## EXERCISE GOAL
Omit every picture while you reproduce the entries that follow word for word.

(Web page caption snippets)
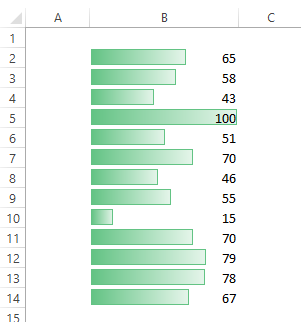 data bars green gradient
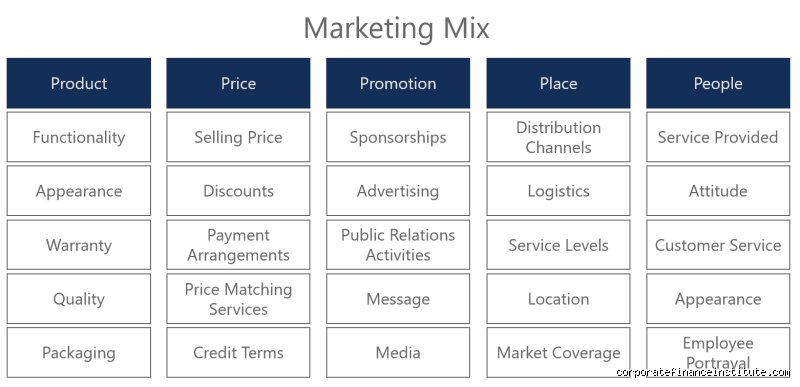 Beyond the Traditional Mix: What are the 5 P's of Marketing People and Why the Human Element Dominates Strategy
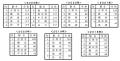 ＜首都圏 20・30代単身生活者アンケート＞単身者utf-8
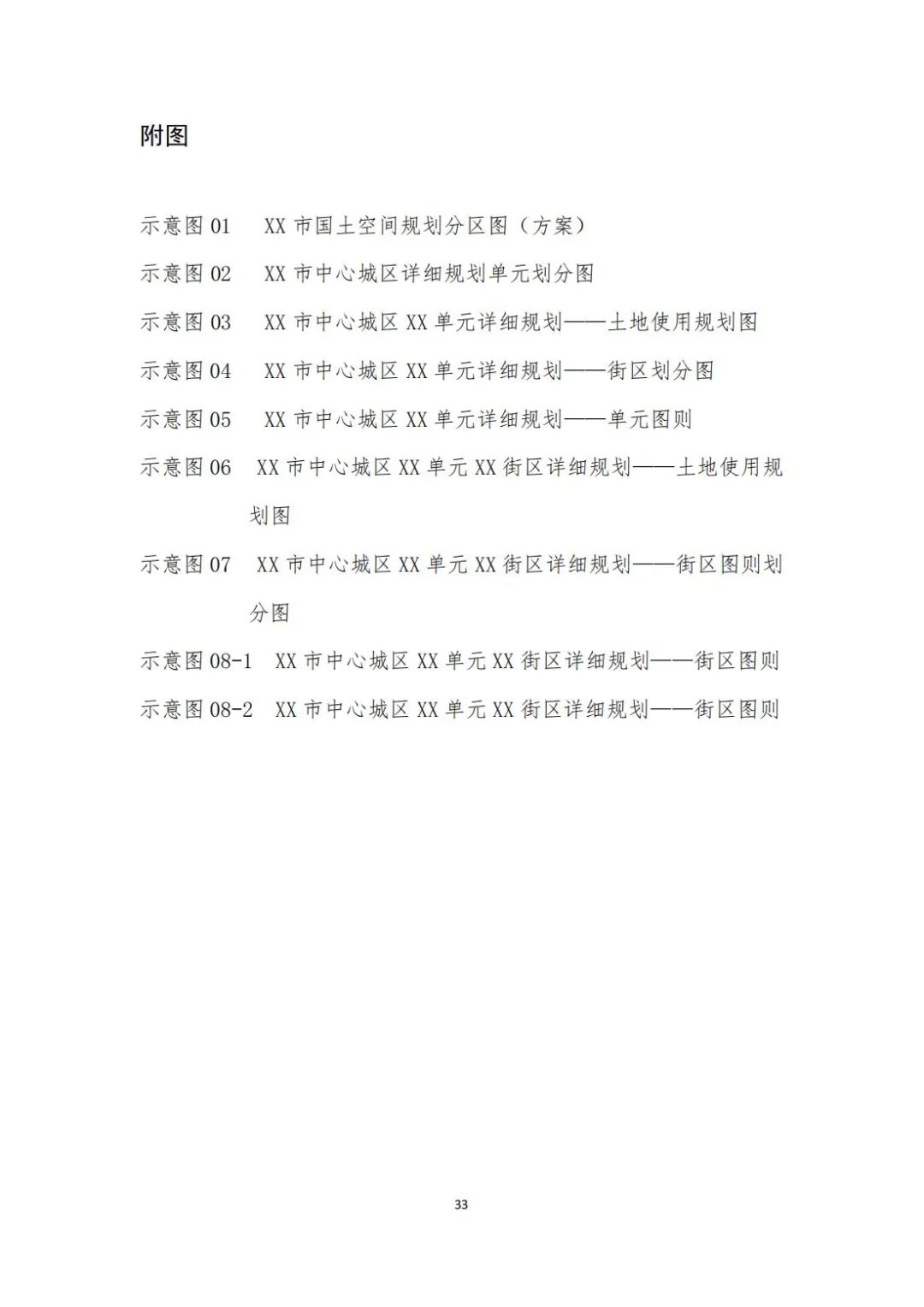 城镇开发边界内详细规划编制指南来了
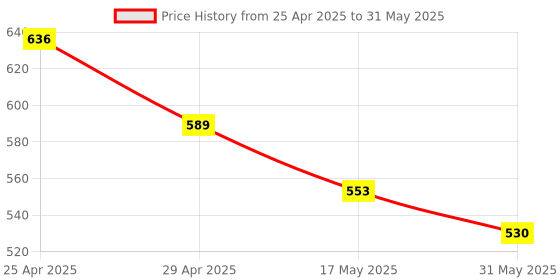 industrybuying.com Sarovar SM-10A Double Open Jaw Spanners Set (Set of 10 Pcs) sarovar Price History Graph from 25 Apr 2025 to 31 May 2025
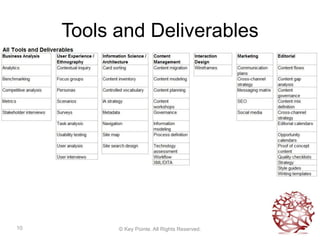 Intersections of Information Architecture and Content Strategy | PPTX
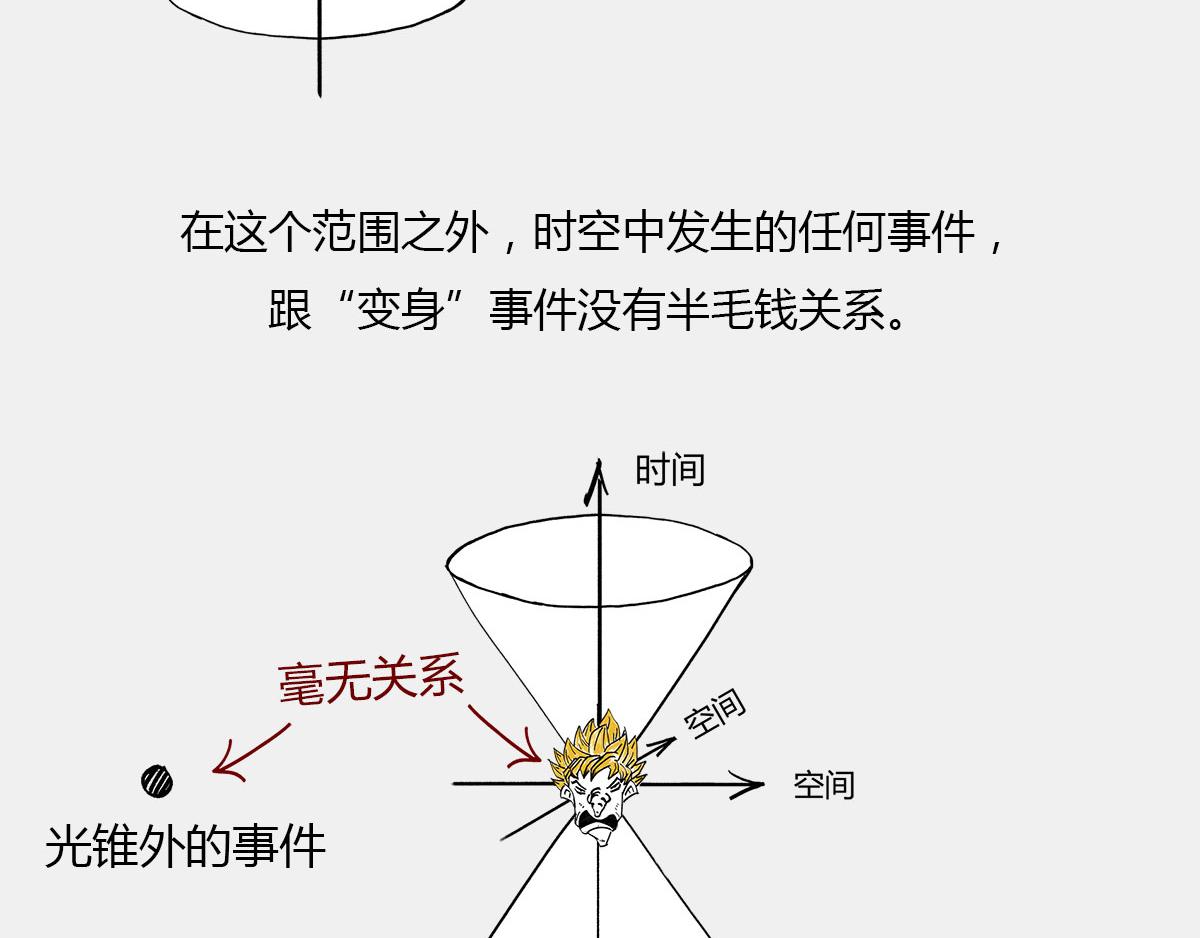 〓光锥之内就是命运〓(1/2)-第40话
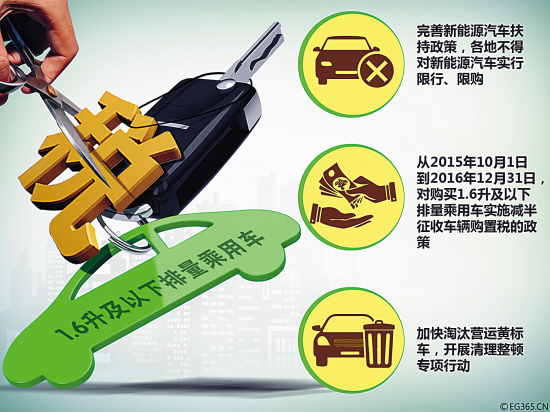 购买1.6升及以下排量汽车购置税减半|汽车|会议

## SOLUTION TO THE EXERCISE
 data bars green gradient
 Beyond the Traditional Mix: What are the 5 P's of Marketing People and Why the Human Element Dominates Strategy
 ＜首都圏 20・30代単身生活者アンケート＞単身者utf-8
 城镇开发边界内详细规划编制指南来了
 industrybuying.com Sarovar SM-10A Double Open Jaw Spanners Set (Set of 10 Pcs) sarovar Price History Graph from 25 Apr 2025 to 31 May 2025
 Intersections of Information Architecture and Content Strategy | PPTX
 〓光锥之内就是命运〓(1/2)-第40话
 购买1.6升及以下排量汽车购置税减半|汽车|会议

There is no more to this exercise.